> _WHAT YOU WILL DO_
Hand back, word for word, the lines from the one containing "Planet Washed Oversize Hoodie - Purple" to the end of the records, both included, and leave out pictures.

> _INFORMATION GIVEN_
= = = = =

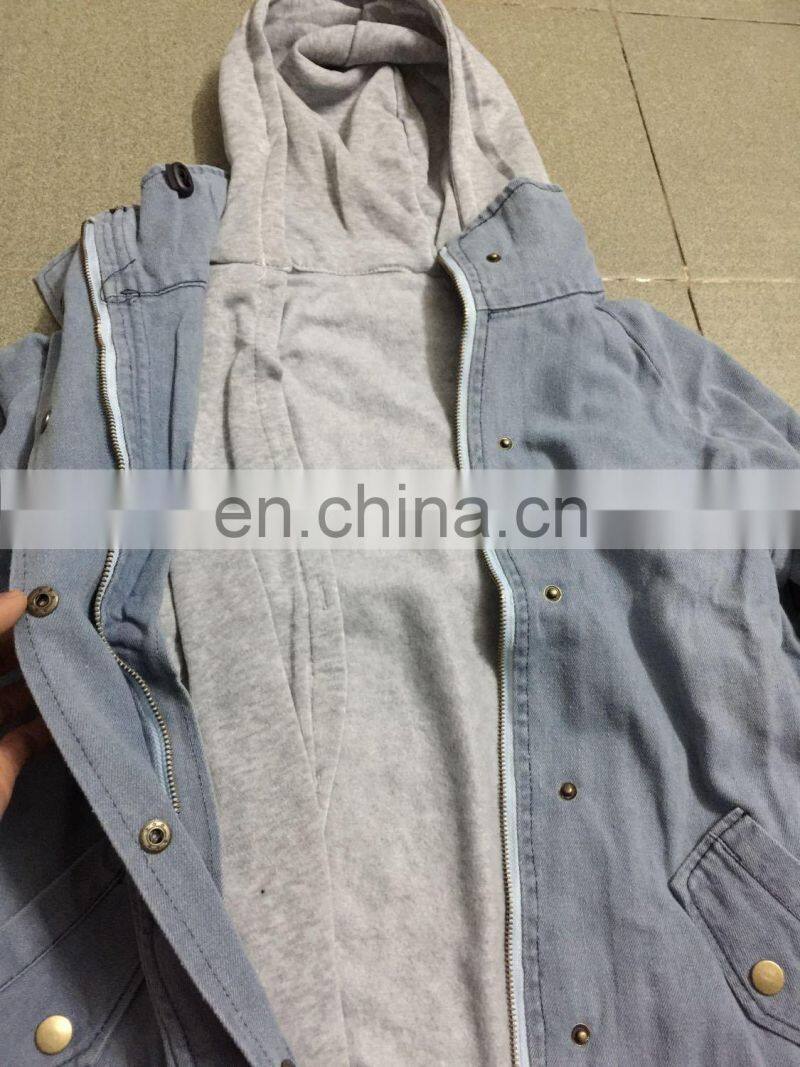 wholesale custom 2 Pieces Matching Clothes Woman Vest & Jacket Winter Warm Collar Hooded Coat Jacket Denim Trench Parka Outwear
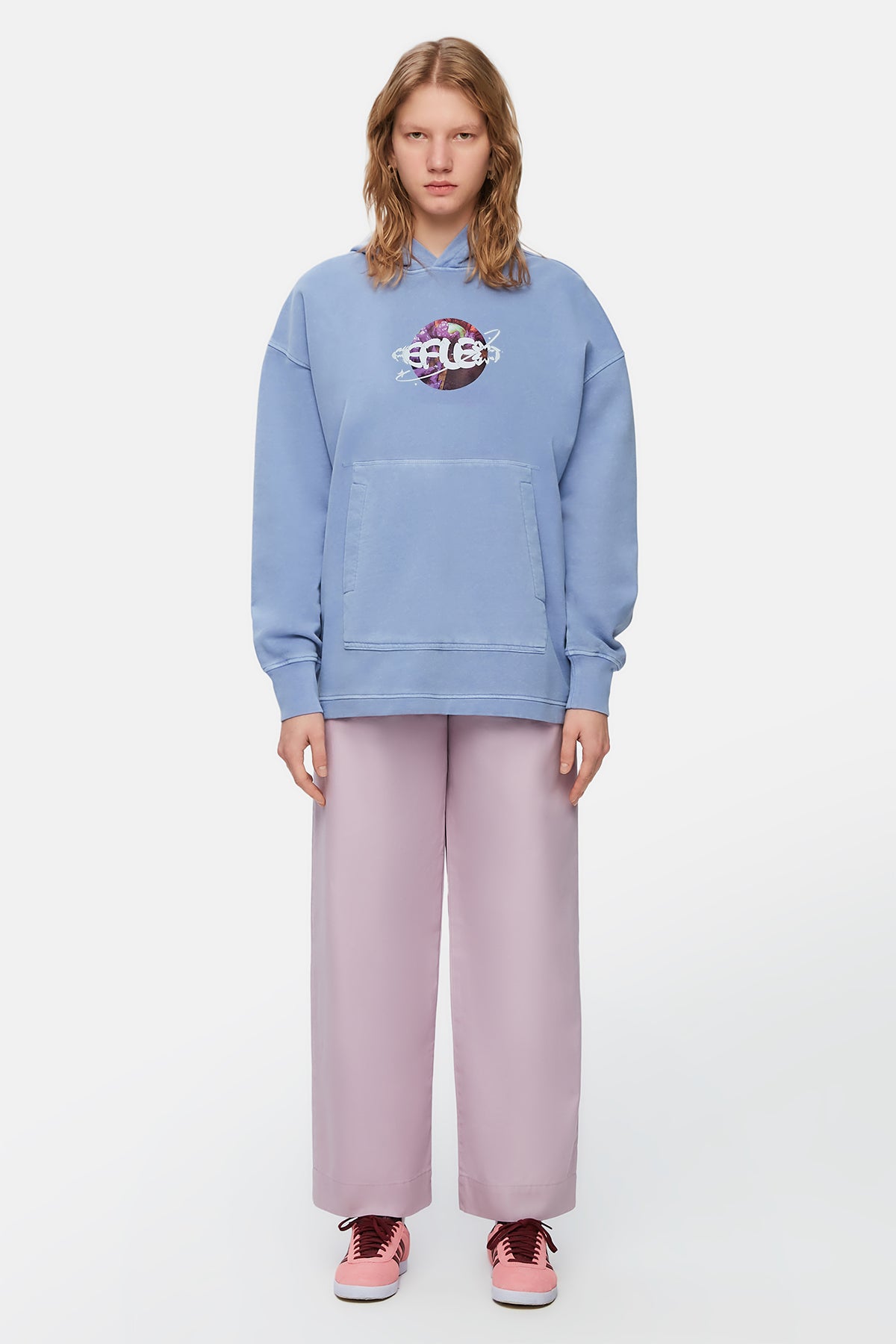 Planet Washed Oversize Hoodie - Purple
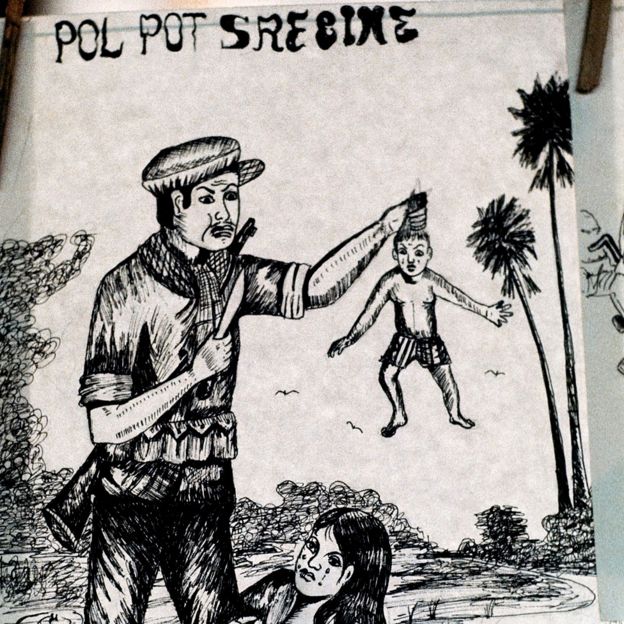Dibujo de un soldado a punto de matar a un niño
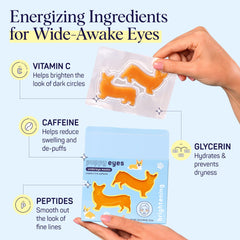 SpaLife patch applied under model eyes demonstrating instant refresh benefit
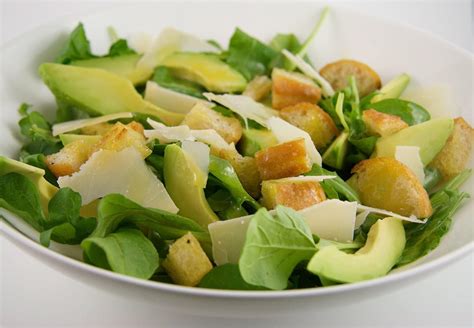 Rocket, Baby Gem and Avocado Salad with Parmesan Croutons - The Culinary Chase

= = = = =

> _PROBLEM SOLUTION_
 Planet Washed Oversize Hoodie - Purple
Dibujo de un soldado a punto de matar a un niño
 SpaLife patch applied under model eyes demonstrating instant refresh benefit
 Rocket, Baby Gem and Avocado Salad with Parmesan Croutons - The Culinary Chase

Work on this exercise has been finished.